Microsoft recently leaked some strategic details about several wireless networking features in Windows 8. Redmond has re-engineered the wireless networking stack to optimize the experience in Windows 8.
In a recent blog post Billy Anders, a group program manager on our devices and networking team, said Microsoft "looked at the fundamentals of wireless connectivity and re-engineered Windows 8 for a mobile and wireless future, going beyond incremental improvements," . Some of the things the team came up with include:
Mobile Broadband Inclusion: The line between mobile and desktop computing continues to blur as users are coming to rely on multi- connectivity options no matter which device they may be using. With this in mind, Windows 8 features mobile broadband connectivity, both 3G and 4g, alongside Wi-Fi.
Native Broadband Driver: Windows 8 features an in-box mobile broadband driver that Microsoft developed with various mobile hardware vendors' devices. It has been designed to just be "plug and play," and the driver is kept current via Windows Update. Windows 8 is designed to allow users to just insert a mobile device or SIM card into a Windows 8 PC and setup should happen automatically.
Airplane Mode: Phones have long had this capability and now Windows has it too. Users can opt to turn off individual radios: Wi-Fi, mobile broadband, or Bluetooth within the Windows 8 interface.
Universal Wireless Connectivity: Now instead of only being able to see all of the wireless networks in proximity, Windows 8 users will be able to see all of the available mobile broadband networks.
Wireless Connection Prioritization: By default, Windows 8 will prioritize Wi-Fi networks over mobile broadband since Wi-Fi is usually faster, with lower latency and higher data caps. When connected to a Wi-Fi network, Windows 8 will automatically disconnect from a mobile broadband network. In certain cases, connected mobile devices will also power down when battery life consumption can be preserved.

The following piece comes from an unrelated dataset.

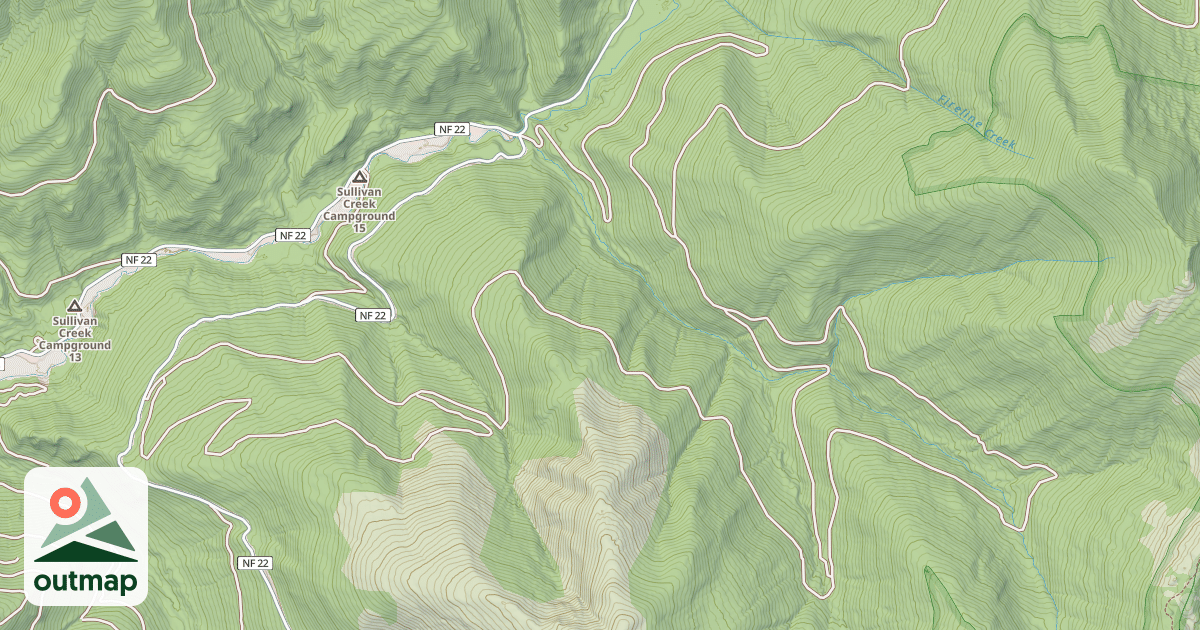 Map of STONEY CREEK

Optimized Preferred Networks: The Preferred Networks feature has been available in Windows since XP SP2, allowing users to change the order of which networks they connect to by preference. In Windows 8, the ordered list of preferred networks is maintained based on user behavior: which networks to which a user explicitly disconnects and reconnects. If you manually disconnect from a network, Windows 8 will no longer automatically connect to that network, for example, so it's a feature that Windows optimizes as it "learns."
Because of this learned behavior, Windows purportedly can also reconnect to a Wi-Fi network very quickly—Microsoft is touting about a second—when a machine resumes from standby.
Support for Carrier-Unlocked Devices: For users with devices that support carrier switching, Windows 8 is supposed to come with in-the-box support that will allow those users to connect to any supported carrier from within the Windows interface. Windows 8 will automatically identify which mobile operator is associated with the device and will let users do things such as purchase data plans from that carrier.
Security: Windows 8 supports various Wi-Fi hotspot authentication methods such as WISPr (Wireless Internet Services Provider roaming), EAP-SIM/AKA/AKA Prime (SIM-based authentication), and EAP-TTLS (used a lot on university campus networks).
Data Consumption Information: The Windows 8 Task Manager allows users to see how much data a specific app has consumed.